Köy Enstitüleri ya da Öğretmen Okulu mezunu olan öğretmenlerimiz, bize yabancı bir dilden konuşsalar da, ekseriyetle yöre insanlarıydı ve ‘bizdenlerdi.’
Sonradan anladığımız şu ki, bize tarihin o kadar yoğun anlatılmasının nedeni, belletilen ‘gerçeklere’ boyun eğmemiz ve başka bir kimliğe teslim olmamız içindi. Onlara göre tarih olup bitmişti ve biz, bize anlatılanı kabul edecek, Türk olarak kodlanan yeni kimliğimizi benimseyecektik.
Bu, aynı zamanda, kafamızda bir yığın çelişkinin oluştuğu ve kim olduğumuzu sorgulamaya başladığımız dönemdir.
Okulda yanıtını bulamadığımız sorularımızı biriktirir, yaz tatillerinde aile büyüklerimize sorardık. Babalarımızın yanıtları, çok muallak olurdu. Sözleri yuvarlar, öğretmenlerimize kulak vermemizi isterlerdi. Nine dedelerimiz ve annelerimiz ise, “Ma Kirmanc me. Welate ma welate Kirmanciyeyo. Rea ma, Rea Haq’iya” diyorlardı.

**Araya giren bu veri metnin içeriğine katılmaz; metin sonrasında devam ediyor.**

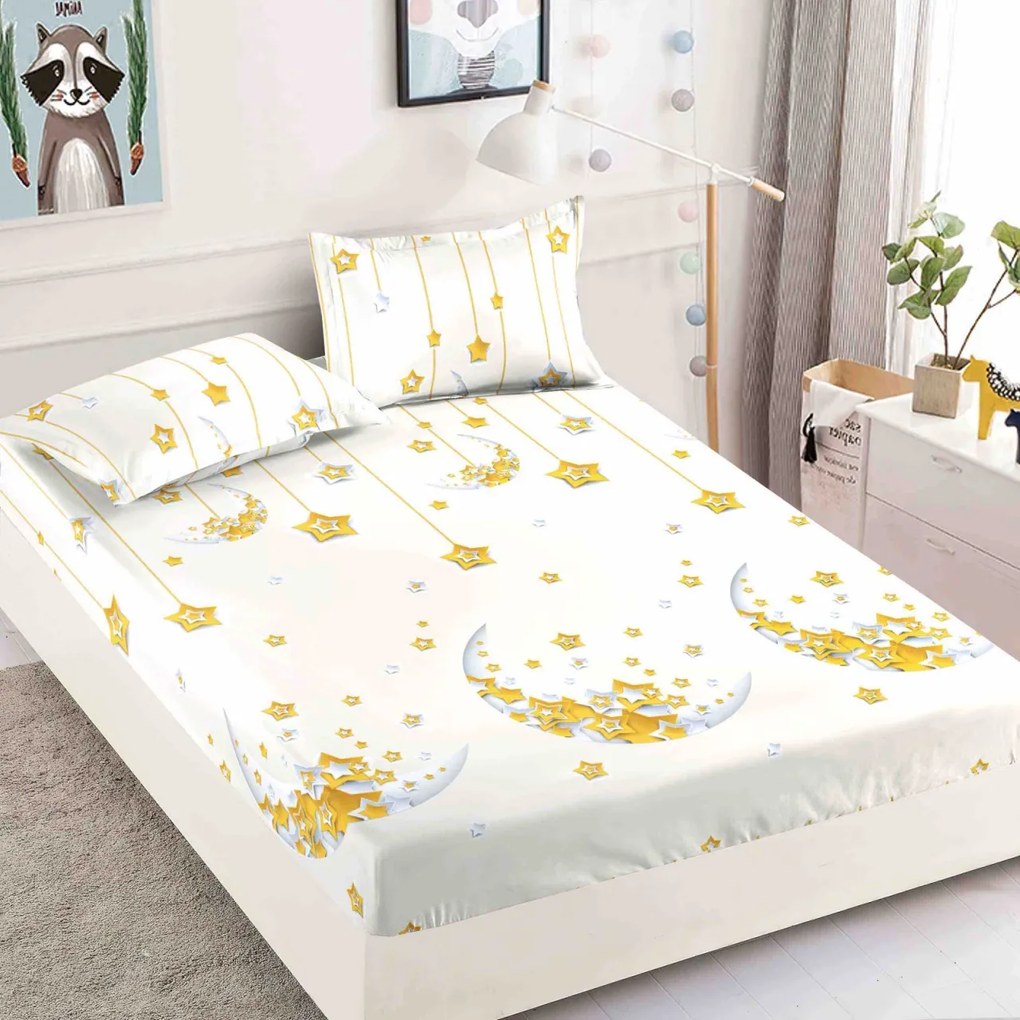 Huse de pat, 3 Piese, Finet cu elastic 180x200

Bu dönemde bizler için İstanbul Türkçesi gibi düzgün Türkçe konuşmak, en büyük övünç konusuydu. Tatillerde, köy okuluna giden akranlarımızla yarışır, güzel konuşmamızla yatılı okullu olmanın farkını ortaya koyar, bolca övgü alırdık. “Tunceli insanı çok okur ve İstanbul Türkçesi gibi güzel konuşur” söylemi, oldukça yaygın şekilde dolaşımdaydı. Çocukları güzel konuştuğu oranda, babaların da göğsü kabarırdı.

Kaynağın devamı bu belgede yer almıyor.